In order to find the answer to this question I found a 24-page handbook on the museum’s policy on human remains. The handbook explains that there is an ongoing debate on the ethics of excavating, handling, holding, and displaying human remains that is influenced by many things including religious beliefs. The policy basically says that all remains have to be treated and displayed respectfully, they must not be displayed in the open but in an alcove, and the consent of a relative must be given to display them. It also explains that human remains can be extremely important to understand ideas like human evolution, diet, use of body parts, and so on.

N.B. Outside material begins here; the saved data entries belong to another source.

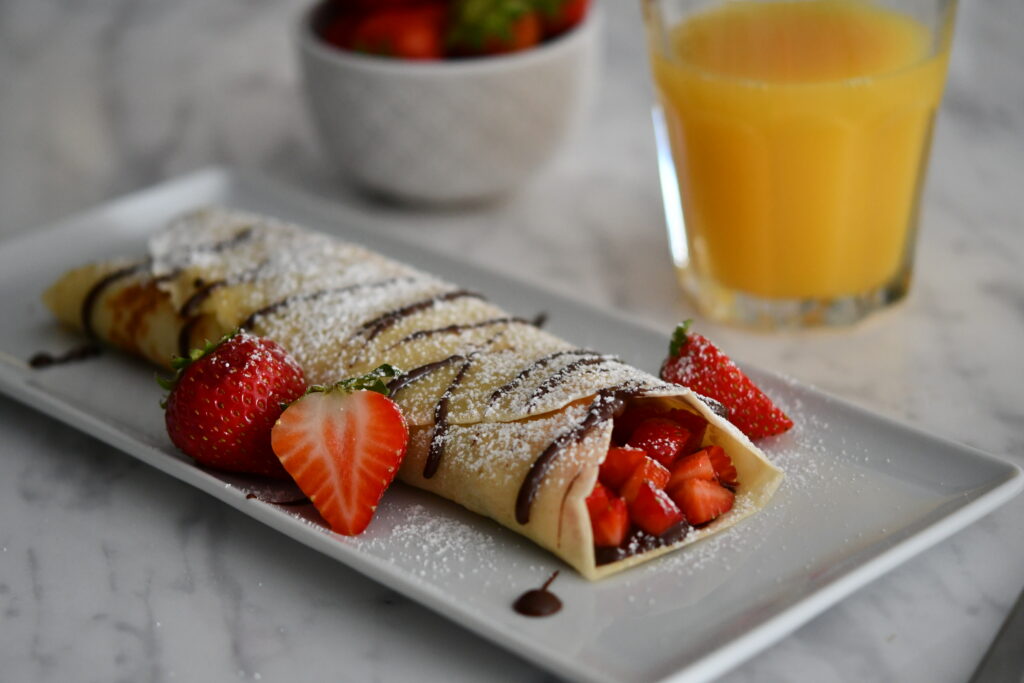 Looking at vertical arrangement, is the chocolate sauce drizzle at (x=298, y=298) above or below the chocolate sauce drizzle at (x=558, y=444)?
above

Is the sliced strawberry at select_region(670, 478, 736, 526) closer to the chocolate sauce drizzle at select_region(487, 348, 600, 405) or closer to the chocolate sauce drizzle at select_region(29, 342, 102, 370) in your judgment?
the chocolate sauce drizzle at select_region(487, 348, 600, 405)

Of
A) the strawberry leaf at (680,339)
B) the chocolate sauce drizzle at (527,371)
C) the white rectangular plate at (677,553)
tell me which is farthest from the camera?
the strawberry leaf at (680,339)

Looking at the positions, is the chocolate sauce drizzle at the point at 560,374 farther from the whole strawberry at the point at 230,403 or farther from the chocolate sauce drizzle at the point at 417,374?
the whole strawberry at the point at 230,403

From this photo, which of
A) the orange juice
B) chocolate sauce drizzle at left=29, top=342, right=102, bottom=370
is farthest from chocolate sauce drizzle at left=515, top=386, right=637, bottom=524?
chocolate sauce drizzle at left=29, top=342, right=102, bottom=370

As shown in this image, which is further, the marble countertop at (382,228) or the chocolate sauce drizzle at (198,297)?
the chocolate sauce drizzle at (198,297)

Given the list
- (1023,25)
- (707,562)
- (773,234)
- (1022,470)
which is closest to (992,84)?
(1023,25)

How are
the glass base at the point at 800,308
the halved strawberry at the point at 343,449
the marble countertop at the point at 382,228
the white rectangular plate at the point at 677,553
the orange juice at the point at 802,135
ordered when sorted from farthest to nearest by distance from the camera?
the glass base at the point at 800,308 < the orange juice at the point at 802,135 < the halved strawberry at the point at 343,449 < the marble countertop at the point at 382,228 < the white rectangular plate at the point at 677,553

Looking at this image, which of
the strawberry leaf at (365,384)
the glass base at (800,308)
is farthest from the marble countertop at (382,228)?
the strawberry leaf at (365,384)

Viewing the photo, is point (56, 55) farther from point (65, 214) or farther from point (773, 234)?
point (773, 234)

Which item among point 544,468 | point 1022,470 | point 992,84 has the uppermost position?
point 544,468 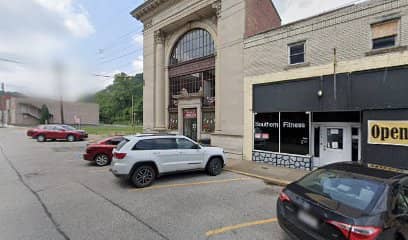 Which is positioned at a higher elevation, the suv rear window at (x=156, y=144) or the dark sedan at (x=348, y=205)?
the suv rear window at (x=156, y=144)

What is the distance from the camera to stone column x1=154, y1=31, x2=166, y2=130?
62.2 feet

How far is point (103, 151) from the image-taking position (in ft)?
36.3

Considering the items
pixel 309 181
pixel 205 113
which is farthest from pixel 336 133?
pixel 205 113

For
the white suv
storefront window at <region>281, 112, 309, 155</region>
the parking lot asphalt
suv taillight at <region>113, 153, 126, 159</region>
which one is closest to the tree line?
storefront window at <region>281, 112, 309, 155</region>

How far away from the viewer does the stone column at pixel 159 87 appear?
62.2 feet

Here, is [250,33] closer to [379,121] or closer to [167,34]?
[379,121]

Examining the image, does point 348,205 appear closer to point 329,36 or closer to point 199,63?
point 329,36

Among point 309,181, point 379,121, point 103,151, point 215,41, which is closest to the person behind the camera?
point 309,181

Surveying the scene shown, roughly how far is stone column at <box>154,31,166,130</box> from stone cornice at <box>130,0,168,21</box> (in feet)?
6.87

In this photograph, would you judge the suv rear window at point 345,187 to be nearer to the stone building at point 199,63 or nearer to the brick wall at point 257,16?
the stone building at point 199,63

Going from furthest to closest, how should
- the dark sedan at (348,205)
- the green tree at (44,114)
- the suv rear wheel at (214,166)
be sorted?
1. the green tree at (44,114)
2. the suv rear wheel at (214,166)
3. the dark sedan at (348,205)

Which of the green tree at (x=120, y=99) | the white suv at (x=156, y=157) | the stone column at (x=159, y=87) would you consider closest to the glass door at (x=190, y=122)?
the stone column at (x=159, y=87)

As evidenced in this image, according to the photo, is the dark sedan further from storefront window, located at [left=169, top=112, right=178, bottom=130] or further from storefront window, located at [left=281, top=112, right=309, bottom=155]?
storefront window, located at [left=169, top=112, right=178, bottom=130]

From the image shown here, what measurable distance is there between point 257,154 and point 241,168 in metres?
1.82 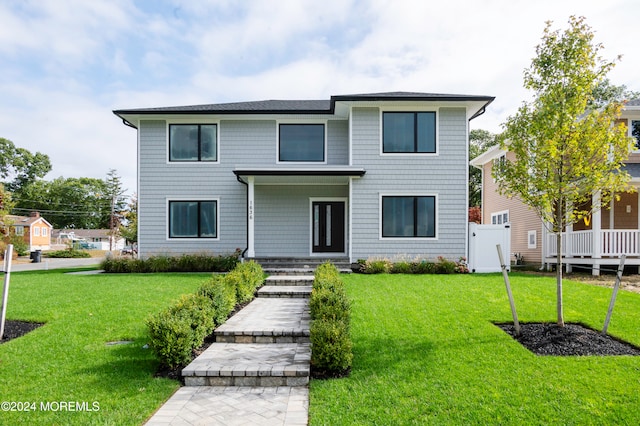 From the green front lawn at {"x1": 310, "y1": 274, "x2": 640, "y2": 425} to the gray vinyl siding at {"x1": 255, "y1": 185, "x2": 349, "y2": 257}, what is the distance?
24.0 ft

I found this interesting as I thought back to the human remains we saw at the British Museum. We saw a body that was very old and preserved, which gave me the opportunity to witness with my own eyes the way this person lived. I got to see the injuries he sustained before death, as well as the clothing he was wearing. Seeing this gave me a better understanding of that time period. If I hadn’t been able to look at these remains, I still could have learned these things, but I wouldn’t have been able to interact with the body and notice things for myself, like what his fingernails looked like (not to get too gruesome).
The handbook cited many sources for their references, but one caught my attention: Guidance for Best Practice for Treatment of Human Remains Excavated From Christian Burial Grounds in England. This 40-page document explained some very interesting ideas regarding Christian views on burial and dead bodies. I will just highlight a few:
- there is a standing committee representing the Church of England that is the advisory on human remains from Christian burial grounds in England
- in the Bible, Jesus shows little concern for the human body
- the use of the phrase “laid to rest” in the Bible suggests that burial is permanent and should not be disturbed
- caring for the dead shows a respect of life
- consecrated grounds mean that the bodies buried there are under the care of the church
I thought these points were interesting because although the human body has no real importance in the Christian afterlife, remains are still regarded with reverie. Also, the “laid to rest” point leads me to question whether or not any remains should be excavated according to Christianity. Personally, I think we need to lean towards using remains as a source of knowledge in exhibits like the Spitalfields Roman Woman, as long as they are respectfully treated.